## AVAILABLE DATA
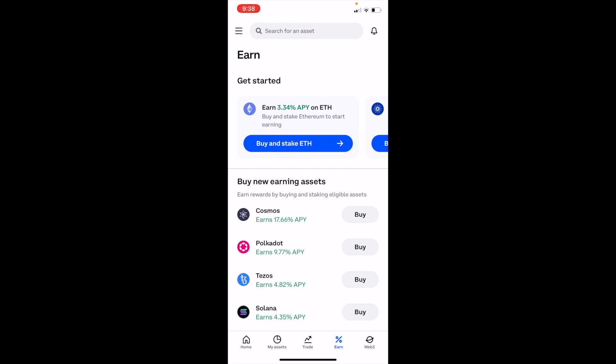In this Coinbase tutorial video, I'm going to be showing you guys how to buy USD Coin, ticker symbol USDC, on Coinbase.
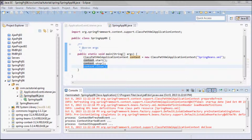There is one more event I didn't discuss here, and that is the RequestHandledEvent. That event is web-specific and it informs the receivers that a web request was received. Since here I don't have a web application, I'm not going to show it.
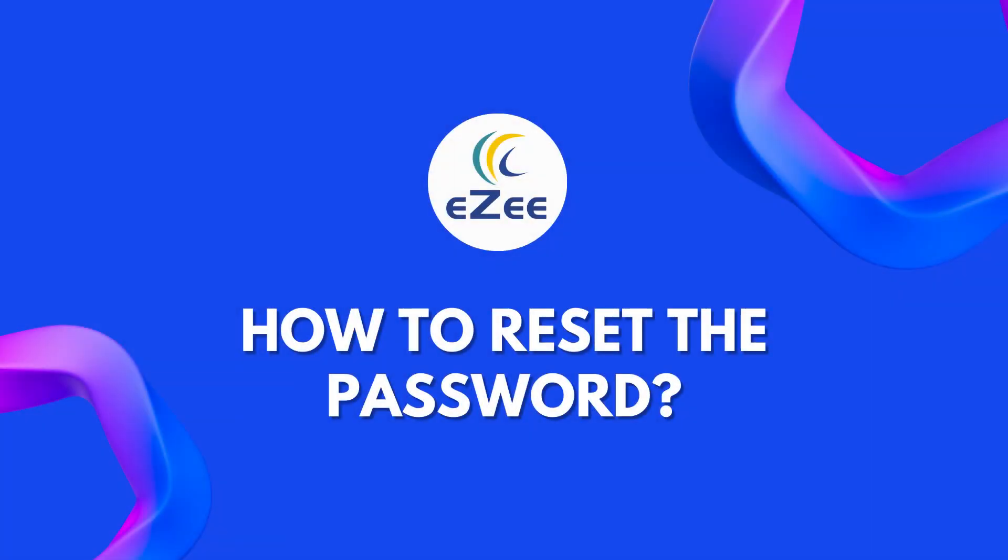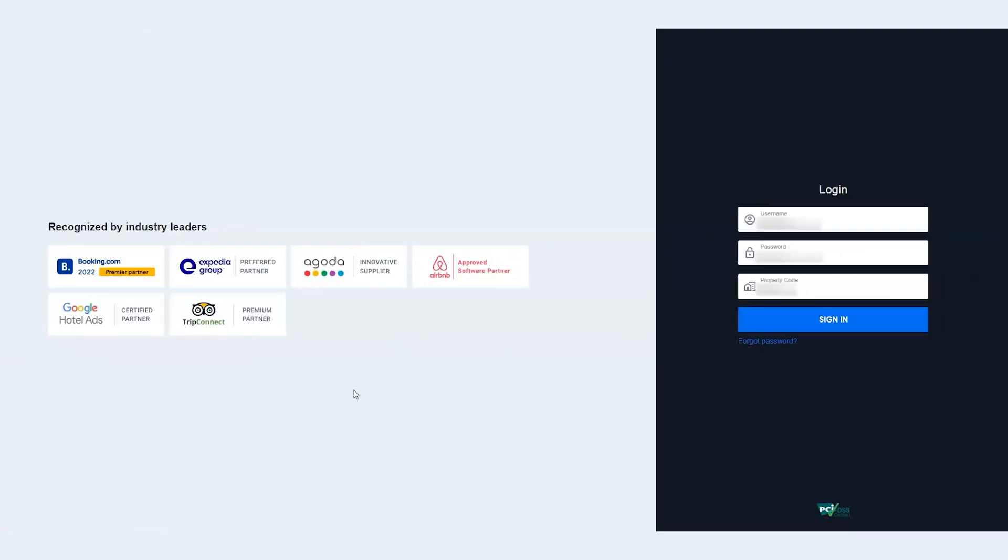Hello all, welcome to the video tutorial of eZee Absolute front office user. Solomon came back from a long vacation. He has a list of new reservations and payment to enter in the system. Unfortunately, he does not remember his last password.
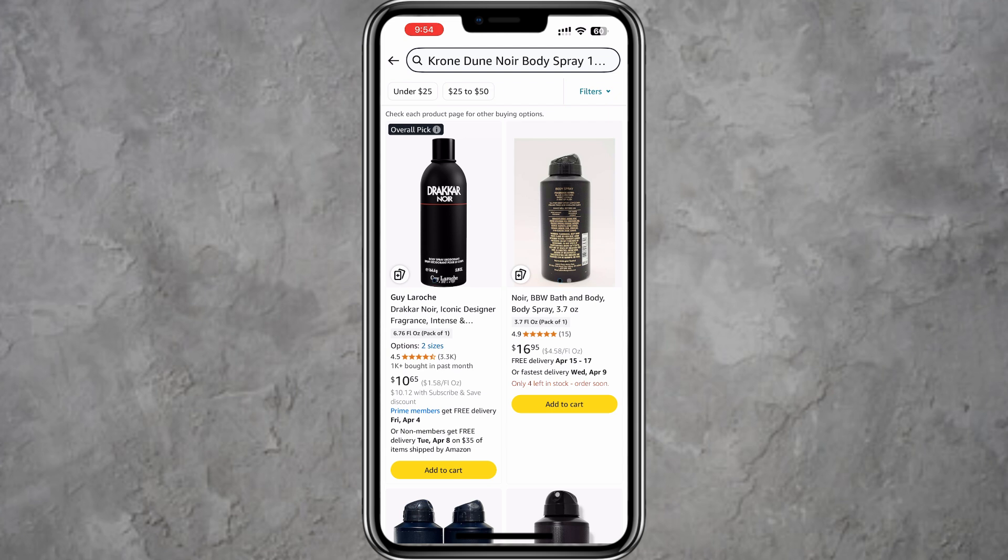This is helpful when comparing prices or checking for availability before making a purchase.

## TASK DETAILS
Whenever images occur above, omit them and retype each line exactly as it stands.

## TASK RESULT
In this Coinbase tutorial video, I'm going to be showing you guys how to buy USD Coin, ticker symbol USDC, on Coinbase.
There is one more event I didn't discuss here, and that is the RequestHandledEvent. That event is web-specific and it informs the receivers that a web request was received. Since here I don't have a web application, I'm not going to show it.
Hello all, welcome to the video tutorial of eZee Absolute front office user. Solomon came back from a long vacation. He has a list of new reservations and payment to enter in the system. Unfortunately, he does not remember his last password.
This is helpful when comparing prices or checking for availability before making a purchase.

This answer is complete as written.